Santhera Pharmaceuticals AG is beginning its Phase III program in the U.S. to evaluate SNT-MC17 in Friedreich's ataxia, an indication for which approval of the product already is being sought in Europe.
The Swiss company reached agreement with the FDA on a special protocol assessment for the study, a randomized, double-blind trial that will test two doses of the small-molecule agent against placebo in at least 51 patients ages 8 to 17.
Klaus Schollmeier, CEO of Liestal-based Santhera, said on a conference call Friday that the trial is expected to begin enrollment in a few weeks, following approvals from the two sites: the Children's Hospital of Philadelphia and the School of Medicine of the University of California at Los Angeles.
Schollmeier said the trial design is very similar to that used in a 48-patient Phase II trial that was run by the U.S. National Institutes of Health. That study also was designed to run for six months and measured neurological improvement based on the International Cooperative Ataxia Rating Scale (ICARS).
The Phase II trial, which included endpoints beyond ICARS, showed improvements in the intermediate and high doses of SNT-MC17 (idebenone).
The Phase III trial is named IONIA, or "Idebenone effects on neurological ICARS assessments." The primary endpoint related to neurological improvements will be measured by ICARS, a 100-point scale based on 19 wide-ranging neurological assessments.
Following 24 weeks of treatment, Santhera will conduct a one-year open-label study, to further evaluate safety and tolerability in those patients who participated in the trial.
Schollmeier said the trial is expected to be completed in 2009, with market launch potentially later that year. SNT-MC17 has been granted both fast-track and orphan status by the FDA.
Friedreich's ataxia is a rare genetic neuromuscular disorder that results in the degeneration of nerve and muscle tissue, causing loss of muscle control, muscle wasting and thickening of heart walls. The disorder results from a genetic defect in the gene encoding for frataxin, Santhera said.

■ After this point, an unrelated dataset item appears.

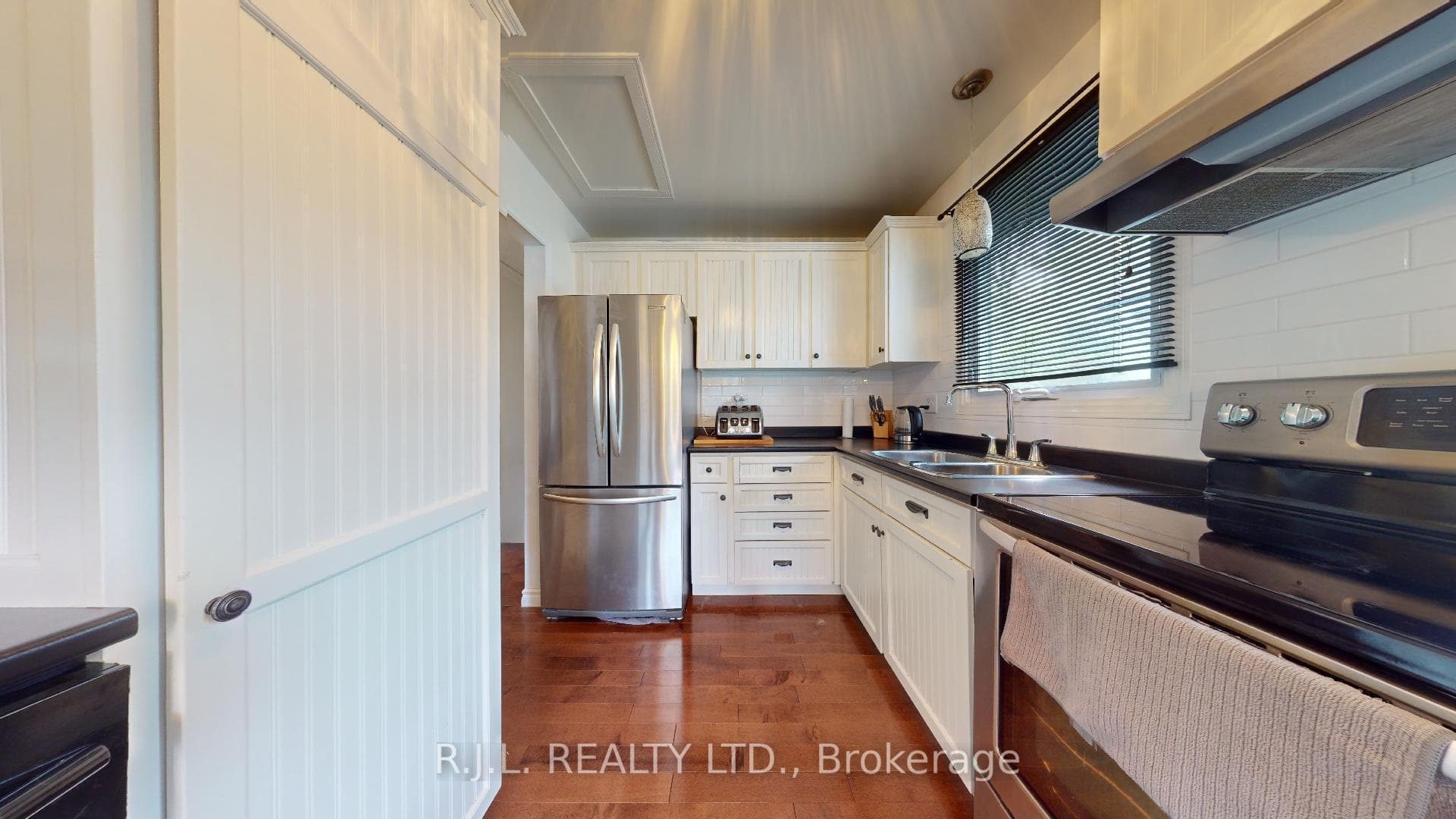 8 Coyle Crescent photo 16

SNT-MC17 is believed to improve the balance and flow of electrons within the mitochondria, thus increasing energy production within nerve and muscle cells of patients and protecting the cells from cell death. Santhera said previous studies provided evidence that SNT-MC17 may be effective in disease-associated heart-wall thickening (cardiomyopathy), as well as having positive effects on neurological function.
In mid-August, the European Medicines Agency accepted for filing the marketing authorization application submitted by Santhera and partner Takeda Pharmaceutical Co. Ltd. That filing included safety data generated by Takeda in its earlier preclinical and clinical programs of idebenone for the treatment of Alzheimer's disease.

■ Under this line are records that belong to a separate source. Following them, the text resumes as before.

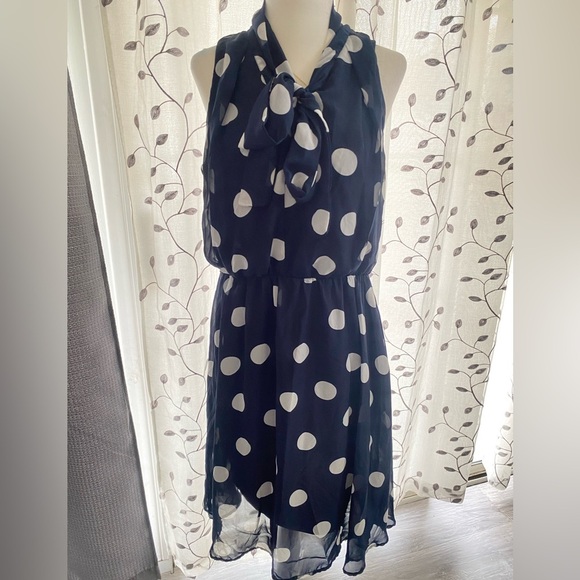 I LE Dresses & Skirts - Blue with White Polka Dot Sleeveless Midi Women’s Dress Size 10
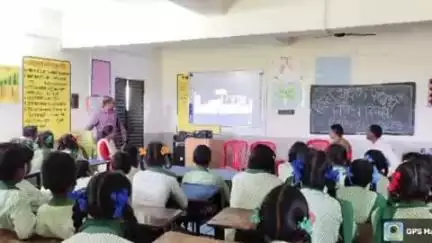 अल्बर्ट एक्का (जारी): विश्व मादक द्रव्य निषेध दिवस पर सीकरी स्कूल में जागरूकता अभियान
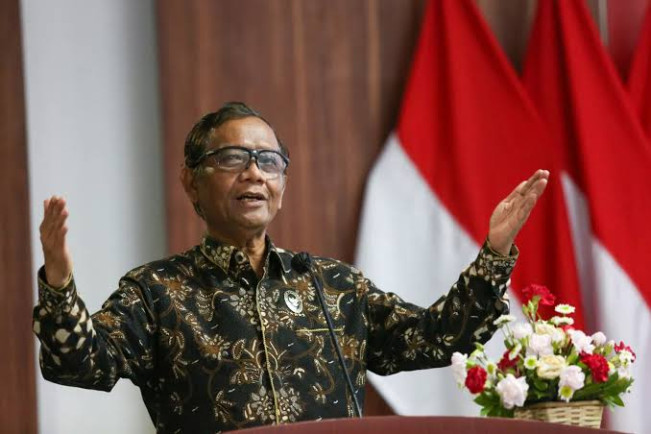 Yusril Bilang Peristiwa 98 Bukan Pelanggaran HAM Berat, Mahfud MD: Yang Berwenang Menyatakan itu Komnas HAM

Takeda, of Osaka, Japan, would market the product for treating Friedreich's ataxia in Europe and Switzerland. Santhera has rights in the U.S. - and also in Canada, where it plans to file for approval soon. Santhera said it intends to market the product itself in the U.S. and Canada. It also said approvals in Europe and Canada are expected in the second half of 2008.
SNT-MC17, Santhera's lead product candidate, also is being developed for treating Duchenne muscular dystrophy (DMD) and Leber's hereditary optic neuropathy. On Aug. 2, Santhera and Takeda extended their commercialization partnership for SNT-MC17 in the EU and Switzerland, which began in July 2005, to cover the second indication of DMD. Data from Phase II trials in DMD in Europe are expected to be available later this year.
Santhera is entitled to milestone and royalty payments from Santhera in both indications.
There is no product in the U.S. approved for treating Friedreich's ataxia, which afflicts about 20,000 patients in both North America and Europe, Santhera said.